## TASK TO COMPLETE
Print exactly, and only, the lines running from the line containing "Valentino Adjustable Length" through the end of the records below.

╭─ INFORMATION

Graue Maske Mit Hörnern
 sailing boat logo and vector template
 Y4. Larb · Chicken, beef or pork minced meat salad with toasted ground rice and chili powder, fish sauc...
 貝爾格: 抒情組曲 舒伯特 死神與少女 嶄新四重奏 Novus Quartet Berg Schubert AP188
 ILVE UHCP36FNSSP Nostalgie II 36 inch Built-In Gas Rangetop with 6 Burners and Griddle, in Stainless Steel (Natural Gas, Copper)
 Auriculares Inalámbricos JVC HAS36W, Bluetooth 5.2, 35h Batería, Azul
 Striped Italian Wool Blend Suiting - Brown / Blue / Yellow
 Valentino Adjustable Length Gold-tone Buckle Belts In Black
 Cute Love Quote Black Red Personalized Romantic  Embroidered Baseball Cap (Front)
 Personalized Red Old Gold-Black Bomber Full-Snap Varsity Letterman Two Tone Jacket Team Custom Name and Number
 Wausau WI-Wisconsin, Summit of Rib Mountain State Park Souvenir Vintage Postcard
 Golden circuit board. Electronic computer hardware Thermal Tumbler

╰─

## EXERCISE RESULT
 Valentino Adjustable Length Gold-tone Buckle Belts In Black
 Cute Love Quote Black Red Personalized Romantic  Embroidered Baseball Cap (Front)
 Personalized Red Old Gold-Black Bomber Full-Snap Varsity Letterman Two Tone Jacket Team Custom Name and Number
 Wausau WI-Wisconsin, Summit of Rib Mountain State Park Souvenir Vintage Postcard
 Golden circuit board. Electronic computer hardware Thermal Tumbler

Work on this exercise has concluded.